From: Arnaldo Carvalho de Melo
Date: Fri Mar 31 2017 - 22:13:06 EST


From: Arnaldo Carvalho de Melo <acme@xxxxxxxxxx>

Which may happen when we start a tracing session and a thread is waiting
for something like "poll" to return, in which case we better print "?"
both for the syscall entry timestamp and for the duration.

E.g.:

Tracing existing mutt session:

# perf trace -p `pidof mutt`
? ( ? ): mutt/17135 ... [continued]: poll()) = 1
0.027 ( 0.013 ms): mutt/17135 read(buf: 0x7ffcb3c42cef, count: 1) = 1
0.047 ( 0.008 ms): mutt/17135 poll(ufds: 0x7ffcb3c42c50, nfds: 1, timeout_msecs: 1000) = 1
0.059 ( 0.008 ms): mutt/17135 read(buf: 0x7ffcb3c42cef, count: 1) = 1
<SNIP>

Before it would print a large number because we'd do:

ttrace->entry_time - trace->base_time

And entry_time would be 0, while base_time would be the timestamp for
the first event 'perf trace' reads, oops.
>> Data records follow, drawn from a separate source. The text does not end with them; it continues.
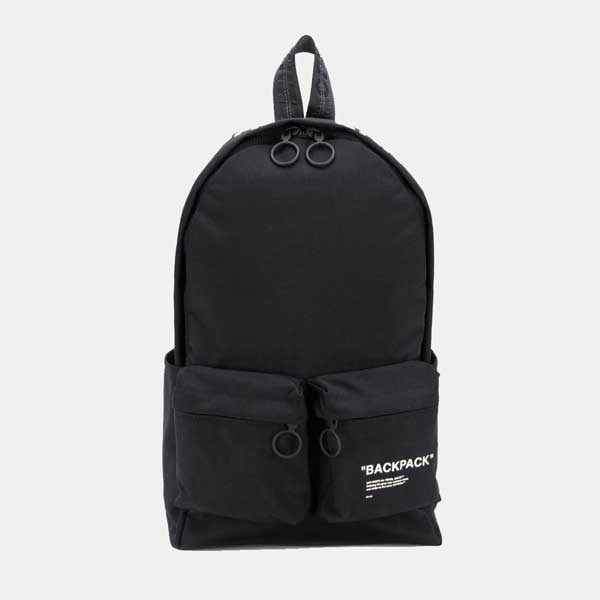 Mochila negra con doble bolsillo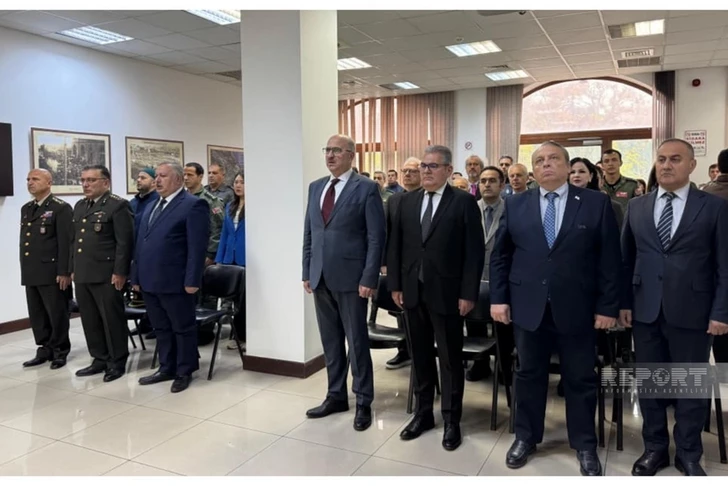 В Гяндже почтили память Мустафы Кемаля Ататюрк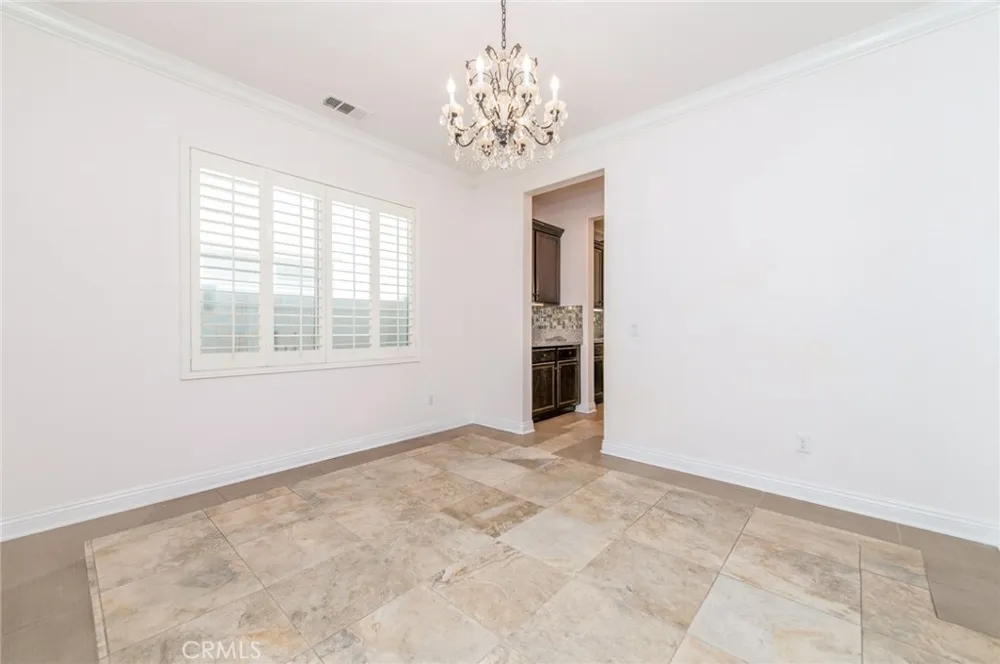 13925 Barnett Eastvale, CA 92880
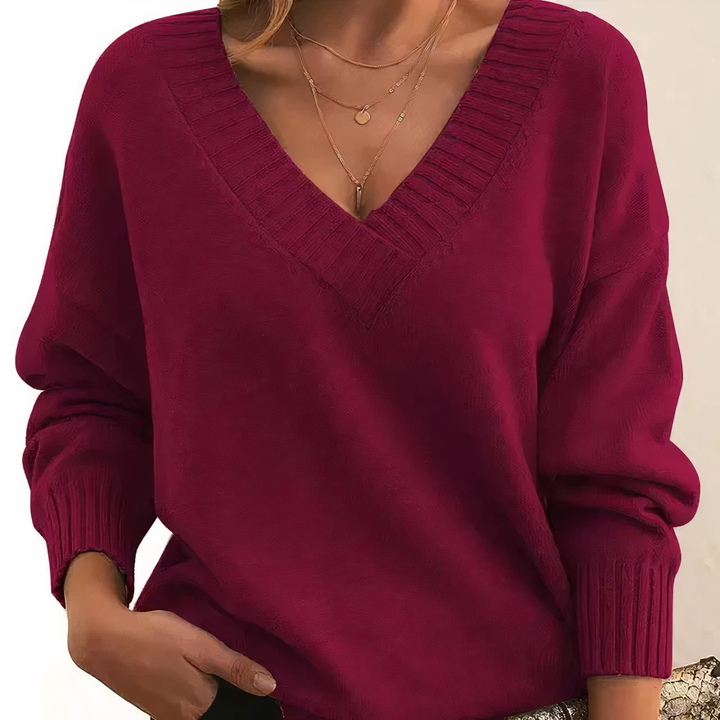 Women's Cashmere Sweater with Elegant V-Neckline in Red
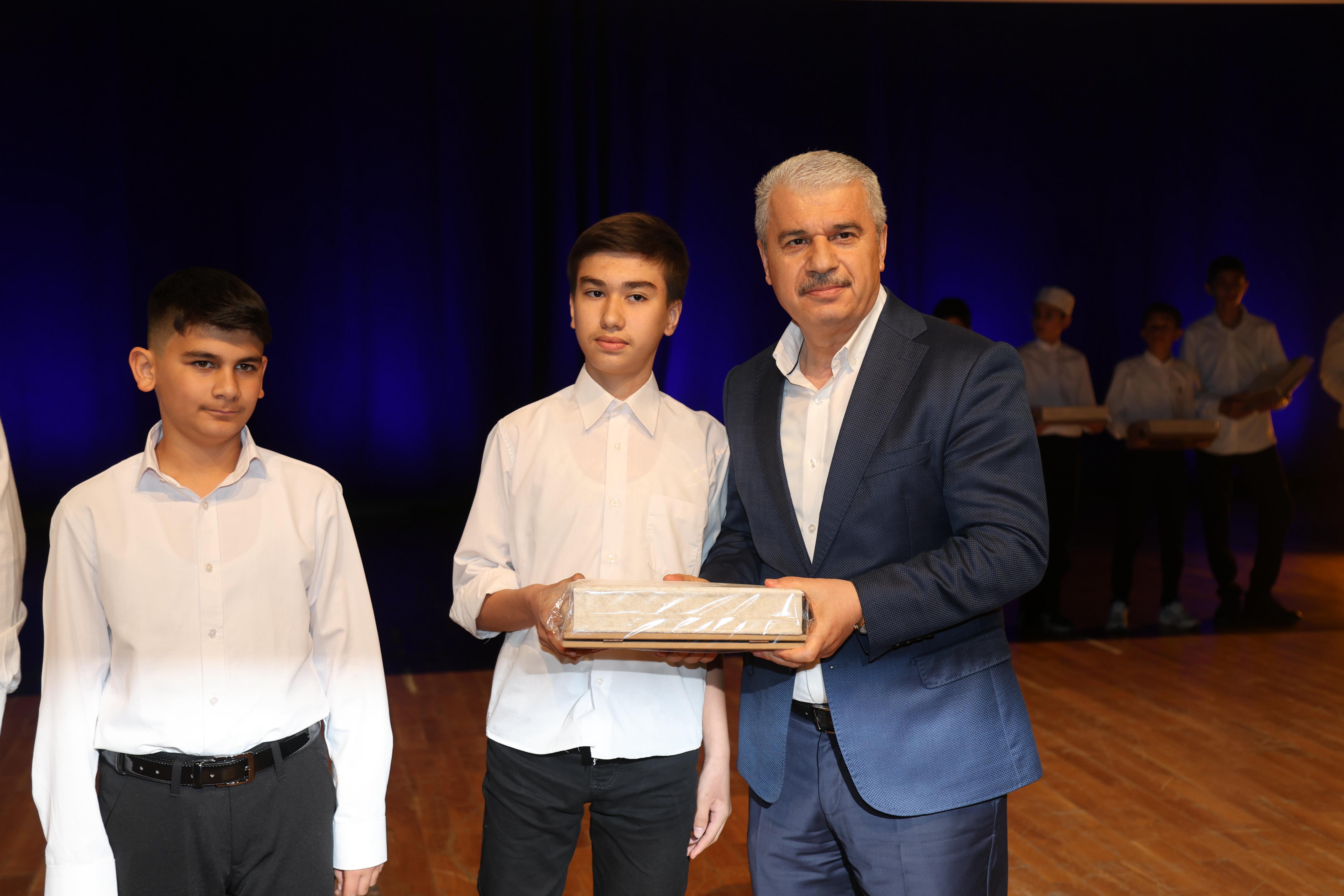ERZURUM VALİSİ HAFIZ MUSTAFA ÇİFTÇİ "BİR MESLEK HAFIZLIK İLE TAÇLANIRSA" PROGRAMINA KATILDI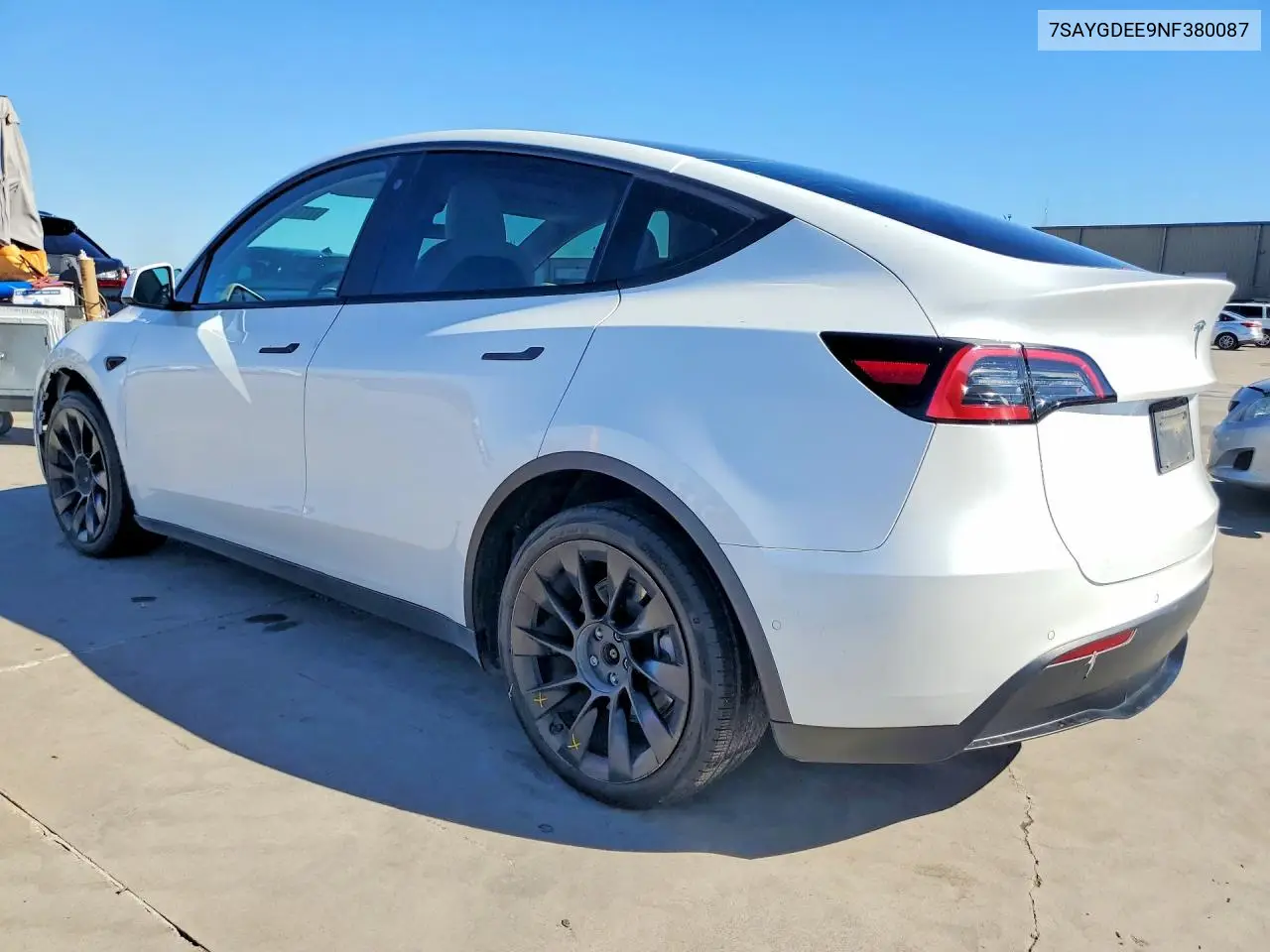 2022 TESLA MODEL Y VIN 7SAYGDEE9NF380087 — фото 2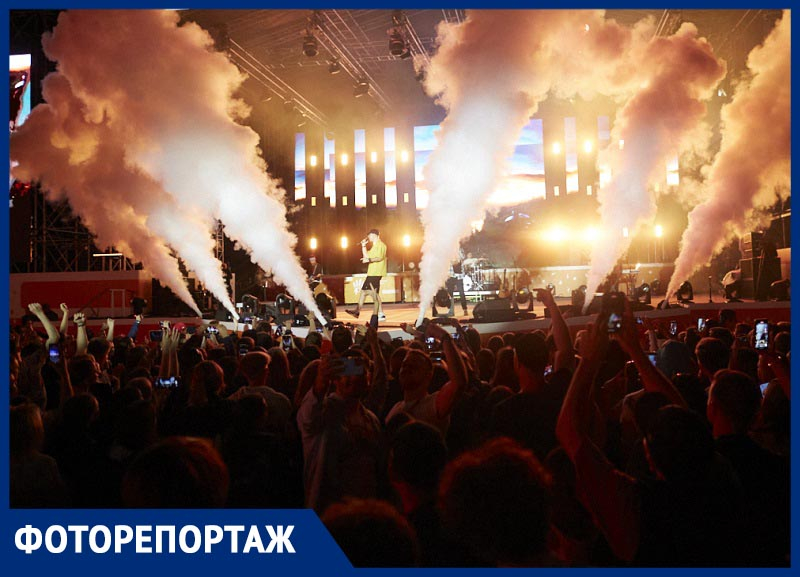 Фото только с випами и толпы на площади: публикуем подробности концерта Dabro в Ставрополе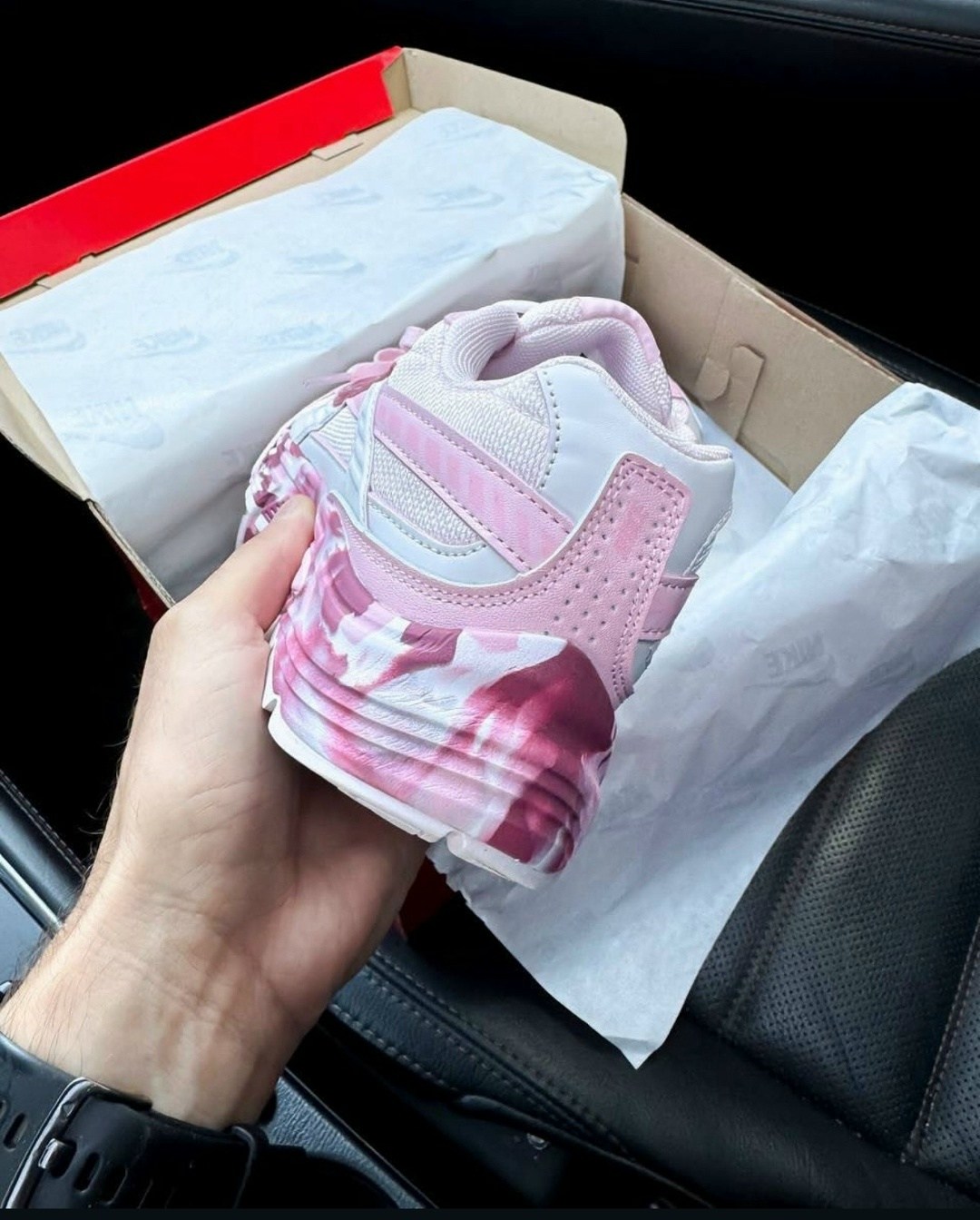 ,розовые кроссовки,женские кроссовки,женские кроссовки initiator pink nike,кроссовки для девочек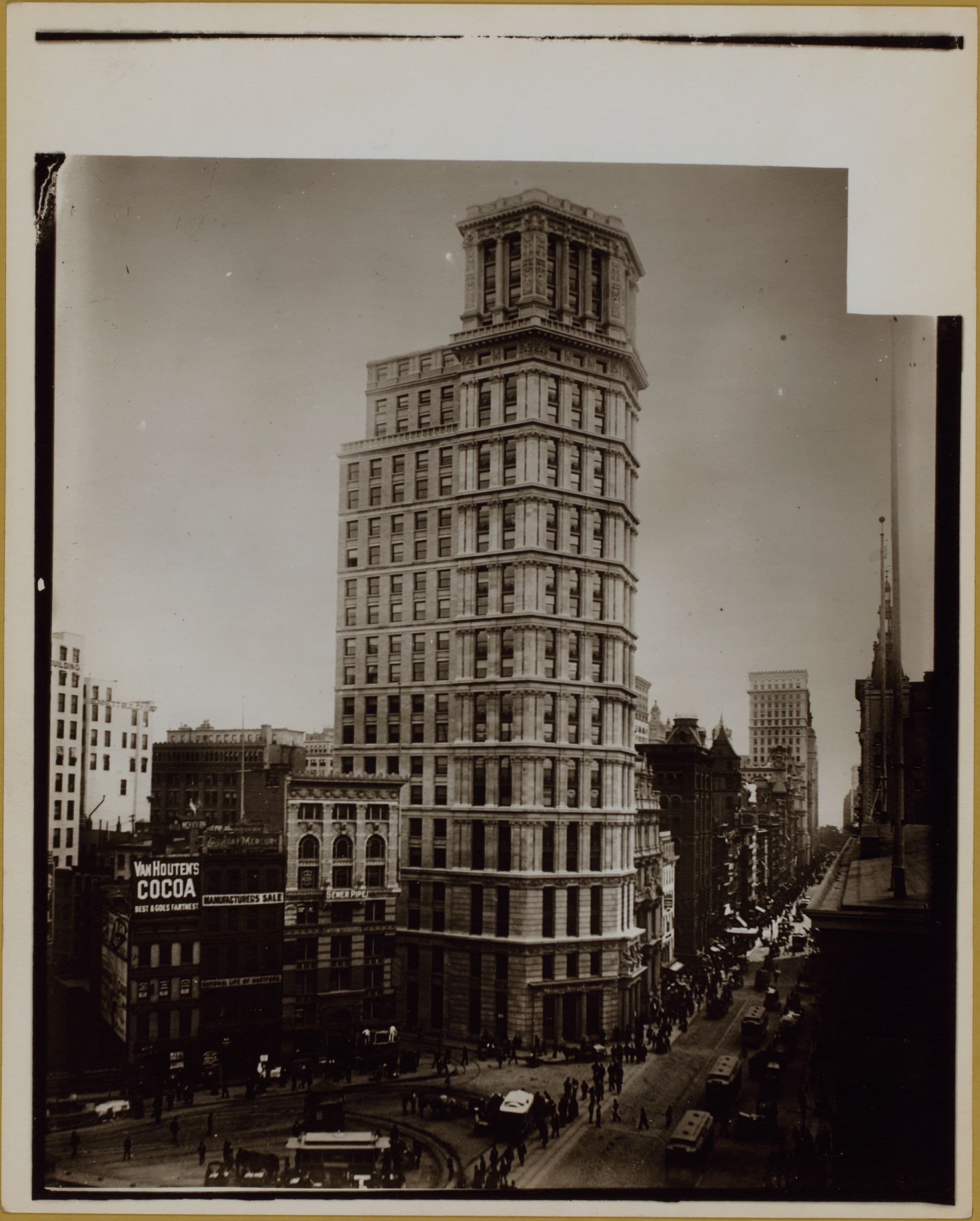 Manhattan: Broadway - Ann Street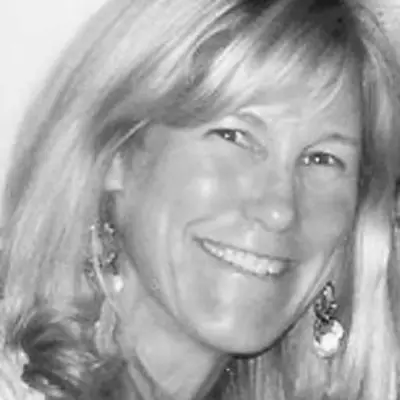 Lisa Ramsbottom Realty Sales And Staging Services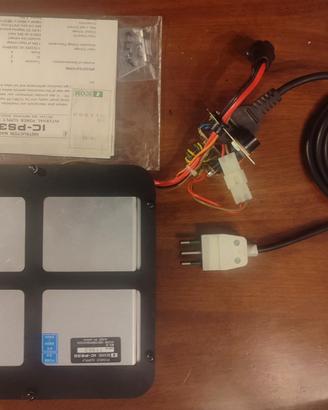 Icom IC-PS35 Alimentatore IC-751A e altri.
Cc: Adrian Hunter <adrian.hunter@xxxxxxxxx>
Cc: David Ahern <dsahern@xxxxxxxxx>
Cc: Jiri Olsa <jolsa@xxxxxxxxxx>
Cc: Luis Claudio GonÃalves <lclaudio@xxxxxxxxxx>
Cc: Namhyung Kim <namhyung@xxxxxxxxxx>
Cc: Wang Nan <wangnan0@xxxxxxxxxx>
Link: http://lkml.kernel.org/n/tip-wbcb93ofva2qdjd5ltn5eeqq@xxxxxxxxxxxxxx
Signed-off-by: Arnaldo Carvalho de Melo <acme@xxxxxxxxxx>
---
tools/perf/builtin-trace.c | 43 ++++++++++++++++++++++++++++++++++---------
1 file changed, 34 insertions(+), 9 deletions(-)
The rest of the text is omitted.